SOI-MÊME COMME UN ROI
C’est une voix forte et claire qui s’élève contre « une folie ». Élisabeth Roudinesco, qui dénonce, dans Soi-même comme
un roi, « l’insulte [qui] tient bien souvent lieu d’arguments
dans cette guerre identitaire », sait – comme Thomas Chatterton Williams [voir interview page 116] – que son livre va provoquer des réactions plus qu’épidermiques, puisque d’épiderme il est justement question dans cet entre-soi victimaire qui se développe dans nos sociétés. Elle critique ses zélateurs qui n’hésitent pas à tordre Deleuze, à mésinterpréter Foucault, à détourner Lacan ou à réinterpréter Fanon à outrance.
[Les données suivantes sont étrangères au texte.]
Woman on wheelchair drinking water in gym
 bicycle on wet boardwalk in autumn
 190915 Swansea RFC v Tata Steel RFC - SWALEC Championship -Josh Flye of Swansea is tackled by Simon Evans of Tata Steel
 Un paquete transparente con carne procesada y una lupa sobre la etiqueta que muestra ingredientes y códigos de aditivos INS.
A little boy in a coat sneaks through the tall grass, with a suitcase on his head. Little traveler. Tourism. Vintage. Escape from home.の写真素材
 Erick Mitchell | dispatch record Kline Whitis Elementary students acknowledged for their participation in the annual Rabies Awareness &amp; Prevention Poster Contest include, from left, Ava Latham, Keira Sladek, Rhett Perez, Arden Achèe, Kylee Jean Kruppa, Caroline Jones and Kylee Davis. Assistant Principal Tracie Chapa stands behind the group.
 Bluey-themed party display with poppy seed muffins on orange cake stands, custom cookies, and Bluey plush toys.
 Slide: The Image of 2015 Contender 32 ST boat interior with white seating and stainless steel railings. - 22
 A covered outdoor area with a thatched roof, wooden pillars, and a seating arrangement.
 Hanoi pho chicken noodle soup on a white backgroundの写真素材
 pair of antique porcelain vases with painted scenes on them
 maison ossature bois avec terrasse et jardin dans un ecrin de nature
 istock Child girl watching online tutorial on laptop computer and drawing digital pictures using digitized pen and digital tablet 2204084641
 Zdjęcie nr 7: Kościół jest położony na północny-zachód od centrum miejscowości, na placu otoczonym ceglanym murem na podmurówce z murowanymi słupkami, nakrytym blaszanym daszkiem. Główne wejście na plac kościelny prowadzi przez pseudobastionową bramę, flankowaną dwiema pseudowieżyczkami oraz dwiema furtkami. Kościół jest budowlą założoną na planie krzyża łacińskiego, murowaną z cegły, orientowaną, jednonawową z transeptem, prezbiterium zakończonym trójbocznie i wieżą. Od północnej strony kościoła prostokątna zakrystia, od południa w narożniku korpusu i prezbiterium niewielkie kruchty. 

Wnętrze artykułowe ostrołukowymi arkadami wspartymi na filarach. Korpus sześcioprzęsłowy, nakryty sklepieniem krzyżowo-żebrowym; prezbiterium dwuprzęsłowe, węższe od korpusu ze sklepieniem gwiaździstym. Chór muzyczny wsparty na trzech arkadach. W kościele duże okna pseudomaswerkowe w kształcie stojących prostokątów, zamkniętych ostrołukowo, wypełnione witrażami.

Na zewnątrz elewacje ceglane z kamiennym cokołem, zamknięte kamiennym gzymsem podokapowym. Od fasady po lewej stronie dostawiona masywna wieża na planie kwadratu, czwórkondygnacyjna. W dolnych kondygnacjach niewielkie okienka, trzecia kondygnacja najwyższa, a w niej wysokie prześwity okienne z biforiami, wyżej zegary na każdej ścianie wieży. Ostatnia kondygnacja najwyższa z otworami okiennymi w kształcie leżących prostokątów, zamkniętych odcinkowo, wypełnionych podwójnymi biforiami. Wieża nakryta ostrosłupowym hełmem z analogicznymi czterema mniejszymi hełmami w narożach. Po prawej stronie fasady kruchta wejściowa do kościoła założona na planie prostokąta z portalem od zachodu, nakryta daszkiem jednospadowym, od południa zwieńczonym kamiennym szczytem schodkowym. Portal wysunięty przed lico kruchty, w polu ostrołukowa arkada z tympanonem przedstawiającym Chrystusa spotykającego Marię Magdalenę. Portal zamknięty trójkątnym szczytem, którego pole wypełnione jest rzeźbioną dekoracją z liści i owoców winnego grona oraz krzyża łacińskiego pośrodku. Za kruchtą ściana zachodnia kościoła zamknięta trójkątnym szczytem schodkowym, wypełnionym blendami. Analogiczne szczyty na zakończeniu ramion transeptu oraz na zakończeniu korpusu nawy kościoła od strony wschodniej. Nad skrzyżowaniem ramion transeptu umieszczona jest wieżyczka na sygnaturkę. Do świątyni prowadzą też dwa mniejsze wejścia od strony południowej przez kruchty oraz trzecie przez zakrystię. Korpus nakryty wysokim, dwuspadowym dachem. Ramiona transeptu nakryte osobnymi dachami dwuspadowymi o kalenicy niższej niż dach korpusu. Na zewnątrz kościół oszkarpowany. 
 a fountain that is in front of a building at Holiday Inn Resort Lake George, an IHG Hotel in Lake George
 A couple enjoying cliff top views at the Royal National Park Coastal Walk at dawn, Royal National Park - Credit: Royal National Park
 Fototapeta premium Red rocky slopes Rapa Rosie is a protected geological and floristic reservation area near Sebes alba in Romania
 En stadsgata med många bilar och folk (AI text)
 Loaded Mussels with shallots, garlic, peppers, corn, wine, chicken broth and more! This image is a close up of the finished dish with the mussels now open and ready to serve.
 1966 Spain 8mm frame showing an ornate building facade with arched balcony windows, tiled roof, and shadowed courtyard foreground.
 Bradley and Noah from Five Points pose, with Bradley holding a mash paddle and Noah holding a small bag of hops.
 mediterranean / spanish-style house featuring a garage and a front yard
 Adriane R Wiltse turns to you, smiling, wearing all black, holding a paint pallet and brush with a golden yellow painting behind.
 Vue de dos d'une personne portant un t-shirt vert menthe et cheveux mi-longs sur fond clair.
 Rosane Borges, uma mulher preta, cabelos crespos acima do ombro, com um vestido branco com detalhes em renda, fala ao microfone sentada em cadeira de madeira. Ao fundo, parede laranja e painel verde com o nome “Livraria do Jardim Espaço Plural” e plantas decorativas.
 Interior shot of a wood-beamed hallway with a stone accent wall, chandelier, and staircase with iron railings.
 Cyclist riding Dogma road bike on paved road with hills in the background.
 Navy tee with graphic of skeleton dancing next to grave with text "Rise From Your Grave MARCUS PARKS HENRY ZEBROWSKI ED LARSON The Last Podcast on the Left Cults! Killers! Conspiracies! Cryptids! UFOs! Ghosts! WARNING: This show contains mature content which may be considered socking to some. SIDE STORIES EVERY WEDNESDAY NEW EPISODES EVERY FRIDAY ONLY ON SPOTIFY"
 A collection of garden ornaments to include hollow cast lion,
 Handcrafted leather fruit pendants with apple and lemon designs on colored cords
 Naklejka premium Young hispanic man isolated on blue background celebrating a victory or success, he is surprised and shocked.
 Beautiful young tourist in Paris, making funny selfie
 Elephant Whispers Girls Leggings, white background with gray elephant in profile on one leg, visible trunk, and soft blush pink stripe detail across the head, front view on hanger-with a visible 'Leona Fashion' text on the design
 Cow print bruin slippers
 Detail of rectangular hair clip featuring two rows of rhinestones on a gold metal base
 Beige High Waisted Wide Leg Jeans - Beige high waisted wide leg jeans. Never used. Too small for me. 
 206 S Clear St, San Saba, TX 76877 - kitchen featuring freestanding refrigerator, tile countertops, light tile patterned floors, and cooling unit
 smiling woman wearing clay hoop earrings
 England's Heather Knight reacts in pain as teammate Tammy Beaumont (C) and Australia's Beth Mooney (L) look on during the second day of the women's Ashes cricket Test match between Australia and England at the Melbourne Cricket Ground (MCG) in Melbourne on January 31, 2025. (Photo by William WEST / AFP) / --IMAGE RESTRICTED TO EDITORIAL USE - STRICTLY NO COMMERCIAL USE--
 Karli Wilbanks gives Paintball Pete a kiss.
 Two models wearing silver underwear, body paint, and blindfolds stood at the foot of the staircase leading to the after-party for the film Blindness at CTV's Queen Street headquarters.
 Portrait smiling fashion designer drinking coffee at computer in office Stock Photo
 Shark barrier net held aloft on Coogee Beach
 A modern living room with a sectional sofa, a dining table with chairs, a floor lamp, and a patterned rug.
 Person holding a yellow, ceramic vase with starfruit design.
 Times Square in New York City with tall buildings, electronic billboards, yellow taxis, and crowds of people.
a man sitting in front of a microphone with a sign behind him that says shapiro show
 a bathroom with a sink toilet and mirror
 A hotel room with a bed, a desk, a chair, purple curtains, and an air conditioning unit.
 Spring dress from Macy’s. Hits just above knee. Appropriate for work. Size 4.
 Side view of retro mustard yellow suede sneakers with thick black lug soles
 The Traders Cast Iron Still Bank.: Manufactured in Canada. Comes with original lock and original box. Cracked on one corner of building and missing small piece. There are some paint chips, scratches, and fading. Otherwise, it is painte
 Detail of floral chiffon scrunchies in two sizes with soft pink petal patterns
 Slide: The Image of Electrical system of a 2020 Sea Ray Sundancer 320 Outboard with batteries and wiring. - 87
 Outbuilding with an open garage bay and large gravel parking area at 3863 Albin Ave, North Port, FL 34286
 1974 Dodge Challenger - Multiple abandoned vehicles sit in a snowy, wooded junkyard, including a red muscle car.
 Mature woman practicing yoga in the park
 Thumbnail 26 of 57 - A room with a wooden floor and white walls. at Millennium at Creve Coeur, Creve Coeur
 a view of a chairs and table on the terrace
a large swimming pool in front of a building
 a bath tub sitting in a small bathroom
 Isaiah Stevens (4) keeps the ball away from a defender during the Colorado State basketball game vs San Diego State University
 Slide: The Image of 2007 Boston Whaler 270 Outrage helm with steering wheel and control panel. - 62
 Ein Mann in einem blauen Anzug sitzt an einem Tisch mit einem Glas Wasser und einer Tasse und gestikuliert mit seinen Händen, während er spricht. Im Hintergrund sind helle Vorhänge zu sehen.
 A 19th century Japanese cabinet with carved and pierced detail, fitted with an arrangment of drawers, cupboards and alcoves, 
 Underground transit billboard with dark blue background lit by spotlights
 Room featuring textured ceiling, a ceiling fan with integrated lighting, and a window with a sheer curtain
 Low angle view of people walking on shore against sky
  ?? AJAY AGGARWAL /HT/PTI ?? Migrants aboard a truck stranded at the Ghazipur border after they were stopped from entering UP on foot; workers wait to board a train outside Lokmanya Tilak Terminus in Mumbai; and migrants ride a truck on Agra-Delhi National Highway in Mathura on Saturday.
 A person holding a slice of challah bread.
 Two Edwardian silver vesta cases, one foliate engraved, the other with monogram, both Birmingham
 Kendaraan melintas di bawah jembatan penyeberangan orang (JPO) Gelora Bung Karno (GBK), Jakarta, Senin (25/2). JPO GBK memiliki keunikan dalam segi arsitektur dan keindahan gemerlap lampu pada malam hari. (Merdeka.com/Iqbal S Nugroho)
Alors, Élisabeth Roudinesco prend soin de remettre chacun de ces penseurs dans sa justesse, invoquant la controverse Lévi-Strauss/Caillois, l’anticolonialisme de Sartre ou les écrits d’Hugo pour contrer les accusations de racisme et les velléités de déboulonnage de statues [voir la critique du livre Les Statues de la discorde page 117]. La psychanalyste analyse les concepts, les écrits des tenants de ces théories et les mots employés, renvoyant par exemple dos à dos « islamophobie » et « islamo-gauchisme ». Extrêmement critique envers les Indigènes de la République et leur logique de séparation, elle n’en oublie pas pour autant les dérives identitaires d’une droite hantée par « le grand remplacement », incarnée par un Éric Zemmour, « historien identitaire de haut niveau ». Très accessible, pédagogique et érudit, cet ouvrage est une lecture nécessaire pour contrer la propagation de l’obsession identitaire de droite, les dérives du genre et les aberrations de la cancel culture.